(ACTIVITY)
Write out, exactly and in full, the line where "Young man pharmacist" appears together with all lines that follow it in the entries below. Do not include pictures.

'''

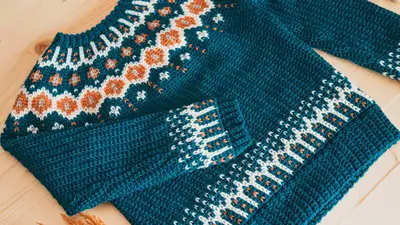 Teal Fawning Over You Crochet Sweater laid flat showing the colorwork yoke
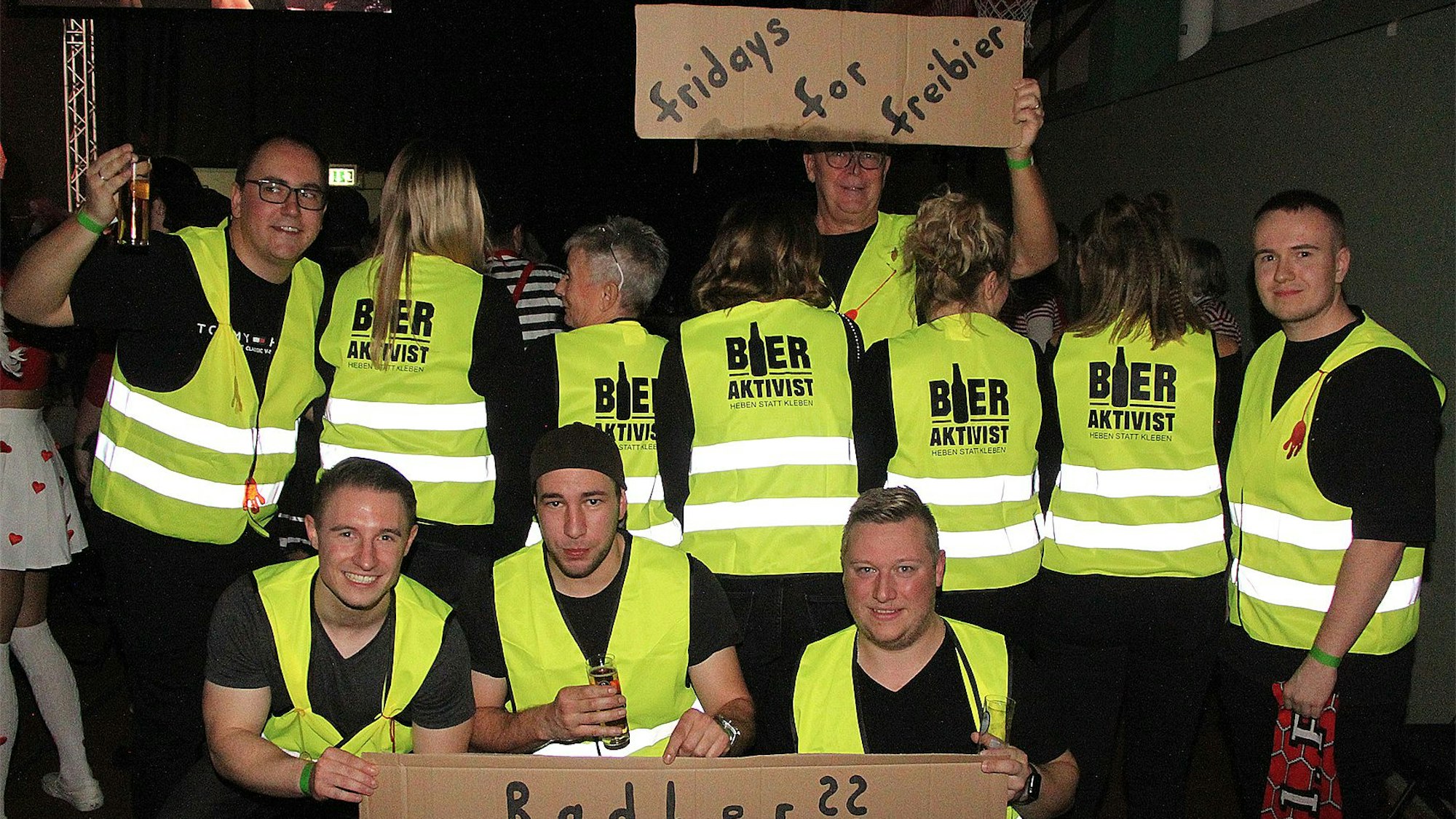 Eine Gruppe Männer und Frauen in gelben Warnwesten mit der Aufschrift: „Bieraktivisten“ halten Pappschilder hoch. Auf einem steht: „Fridays for Freibier“.
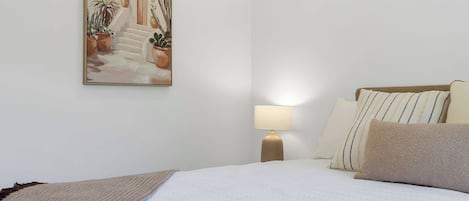 Quarto de hotel com cama, almofadas, luminária e um quadro na parede.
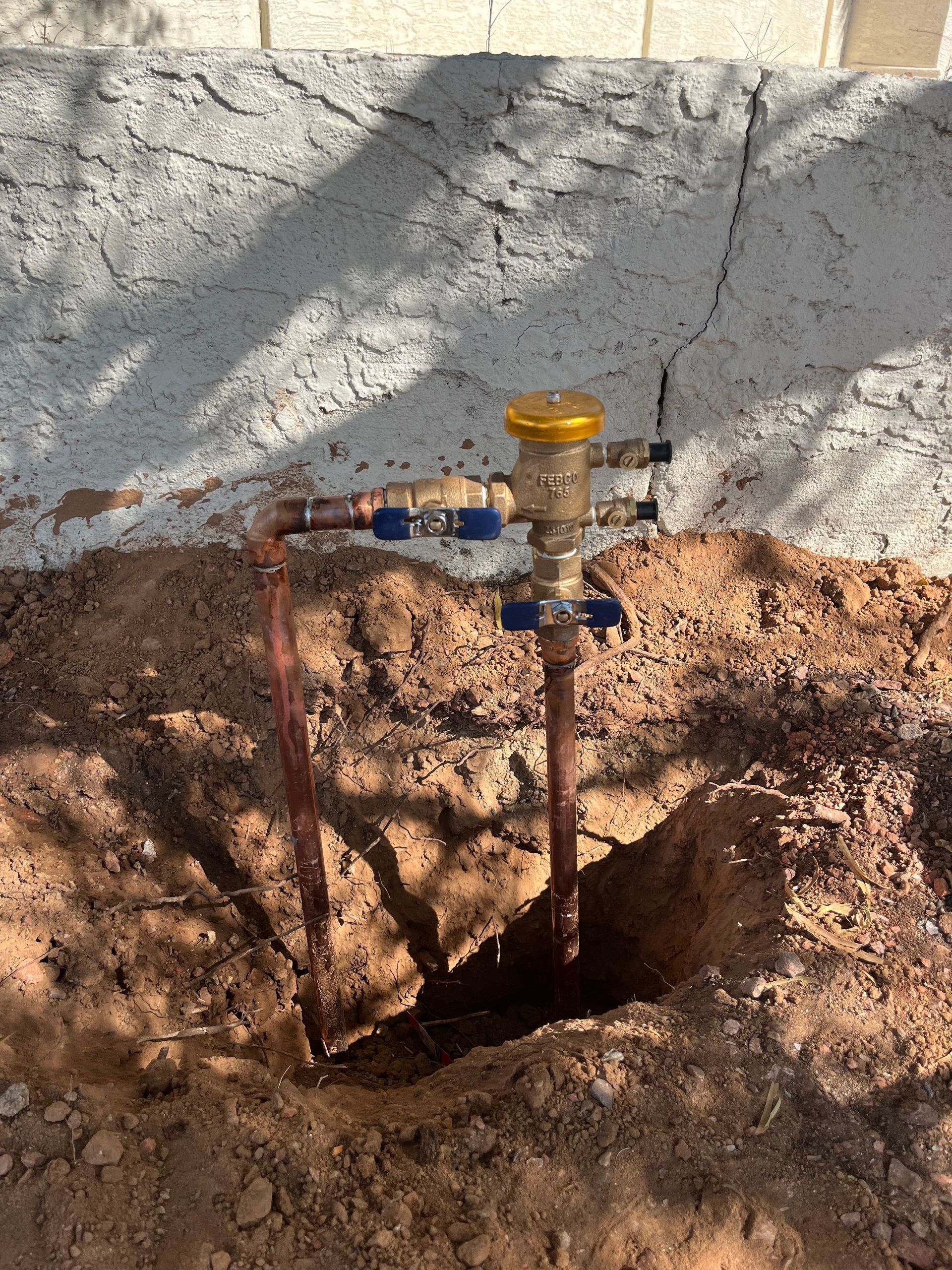 Copper pipes and sprinkler valve emerging from a hole in the dirt near a textured wall.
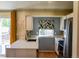 Modern kitchen with stainless steel appliances, white cabinets, and stylish countertops at 12498 W Prentice Dr, Littleton, CO 80127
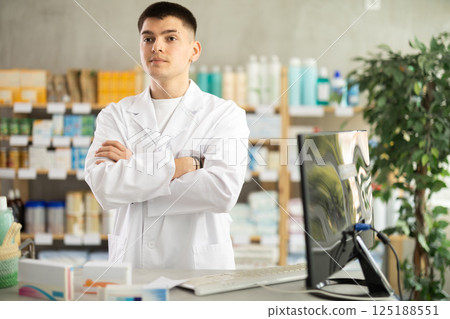 Young man pharmacist standing and posing near counter in pharmacy 125188551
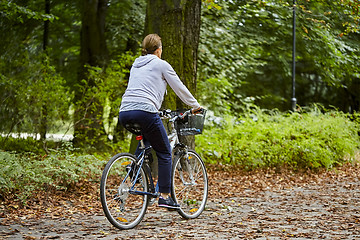 Image showing Woman on the bicycle in park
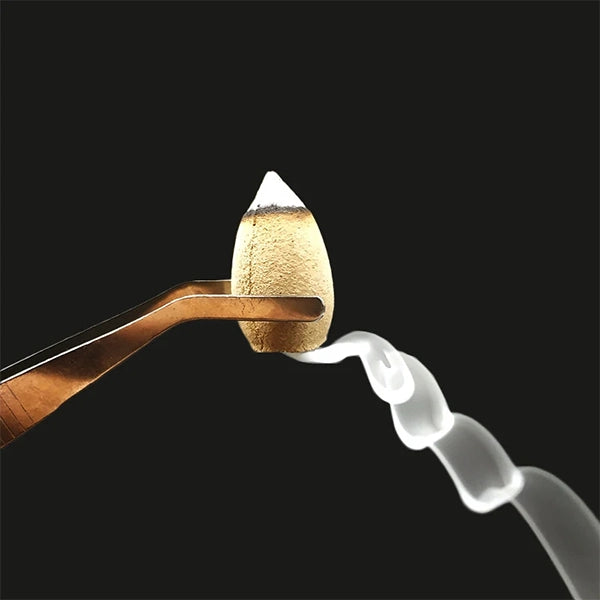 Cône d'Encens à Refoulement tenu par une pince sur fond noir kaosix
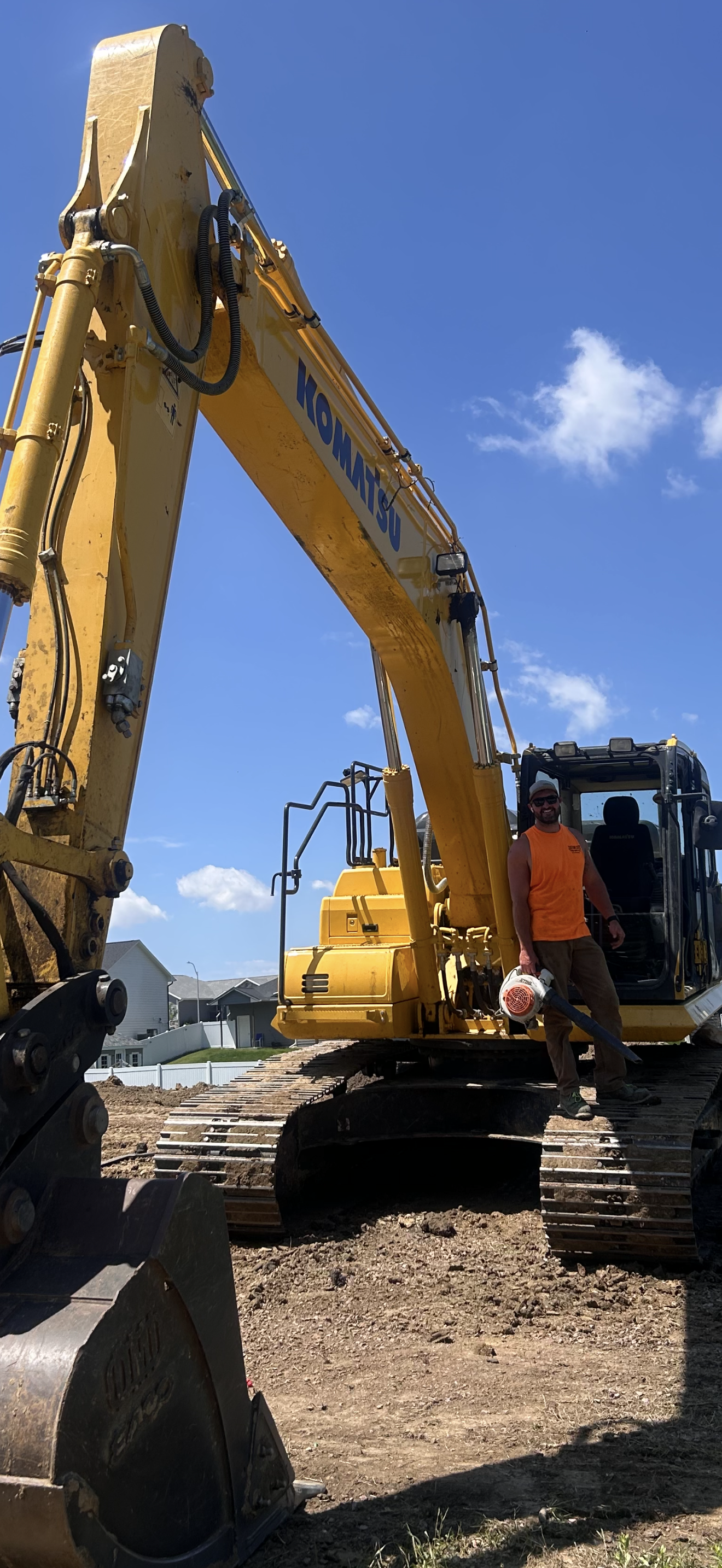 A yellow Komatsu excavator on a construction site with a worker standing near the cab, under a bright blue sky.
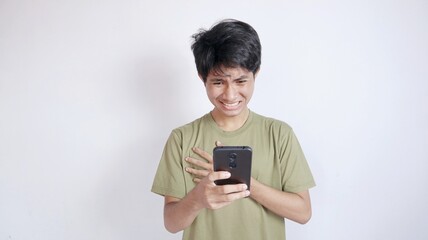 shocked asian man looking at screen on smartphone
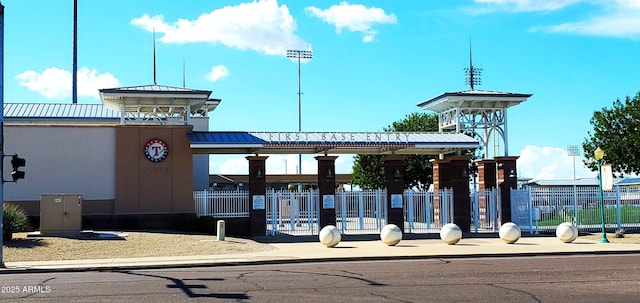 view of home's community featuring fence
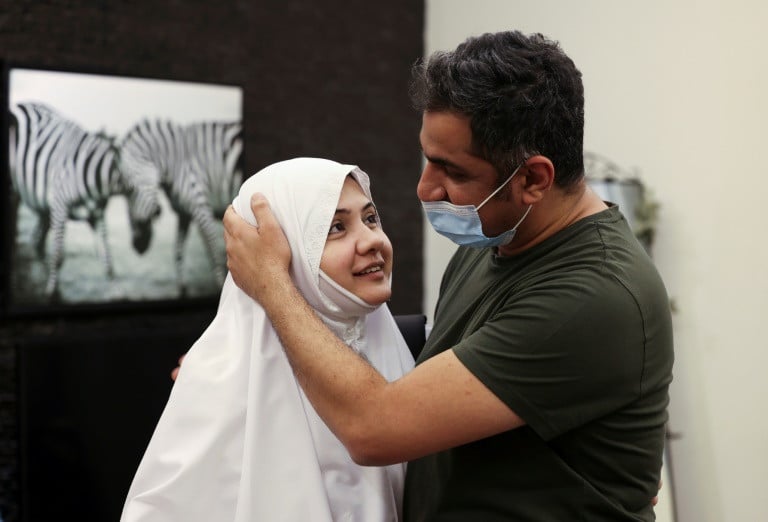 pakistani pilgrim bushra shah bids her husband farewell before leaving for the hajj    the first time she can do so without a mehram photo afp
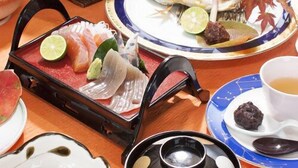 A dining table with various dishes, including sashimi, a hot pot, and a cup of tea. - Tsukinoyado (Kamikatsu)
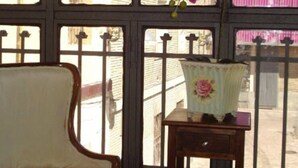 A room with a chair and a table near a window with a view of buildings. - Hostal Central (Zaragoza)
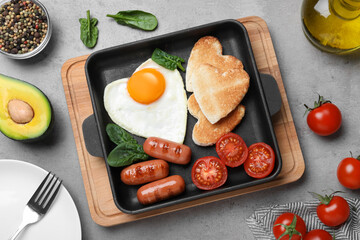 Romantic breakfast with fried sausages, heart shaped egg and toasts on grey table, flat lay. Valentine's day celebration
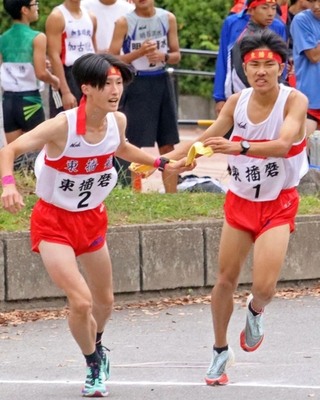 男子・東播磨１区貞平春陽選手（右）からたすきを託される２区高橋立輝選手＝西脇市総合市民センター
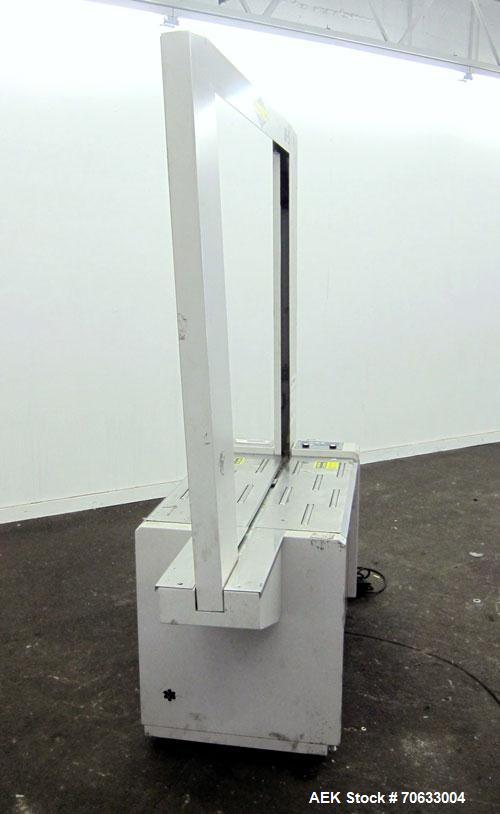 Used Dynaric Automatic Model DF-11 Bottom Seal Strapping Machine.Capable of 1.6 second cycle time, and up to 37 straps per minute. has an 'Arch' opening of 44.5" (wide) X 48"(tall).1/115 volt, 8.2 am...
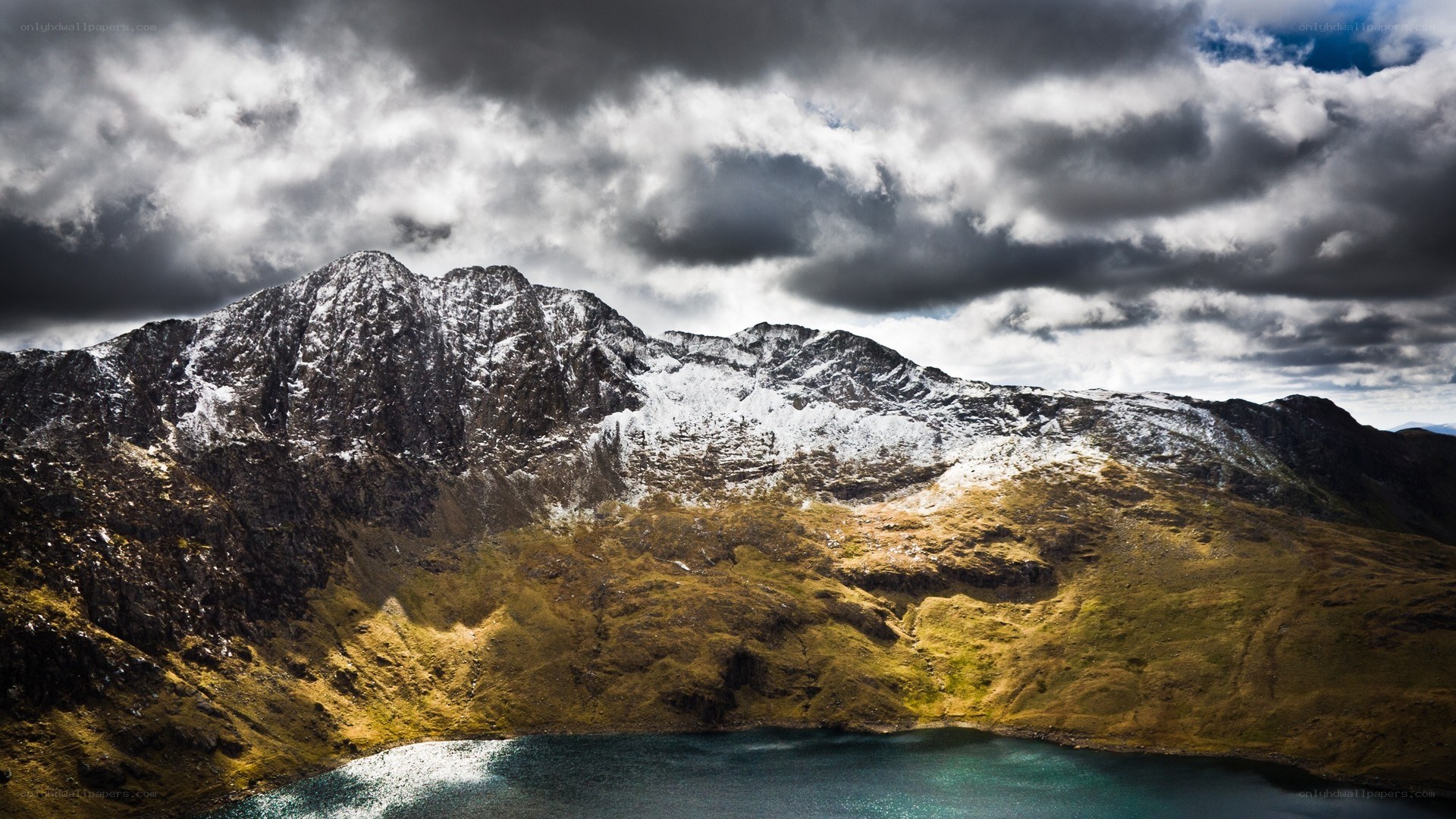 Snow-capped mountain lake landscape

'''

(ANSWER AREA)
 Young man pharmacist standing and posing near counter in pharmacy 125188551
 Image showing Woman on the bicycle in park
 Cône d'Encens à Refoulement tenu par une pince sur fond noir kaosix
 A yellow Komatsu excavator on a construction site with a worker standing near the cab, under a bright blue sky.
 shocked asian man looking at screen on smartphone
 view of home's community featuring fence
 pakistani pilgrim bushra shah bids her husband farewell before leaving for the hajj    the first time she can do so without a mehram photo afp
 A dining table with various dishes, including sashimi, a hot pot, and a cup of tea. - Tsukinoyado (Kamikatsu)
 A room with a chair and a table near a window with a view of buildings. - Hostal Central (Zaragoza)
 Romantic breakfast with fried sausages, heart shaped egg and toasts on grey table, flat lay. Valentine's day celebration
 男子・東播磨１区貞平春陽選手（右）からたすきを託される２区高橋立輝選手＝西脇市総合市民センター
 Used Dynaric Automatic Model DF-11 Bottom Seal Strapping Machine.Capable of 1.6 second cycle time, and up to 37 straps per minute. has an 'Arch' opening of 44.5" (wide) X 48"(tall).1/115 volt, 8.2 am...
 Snow-capped mountain lake landscape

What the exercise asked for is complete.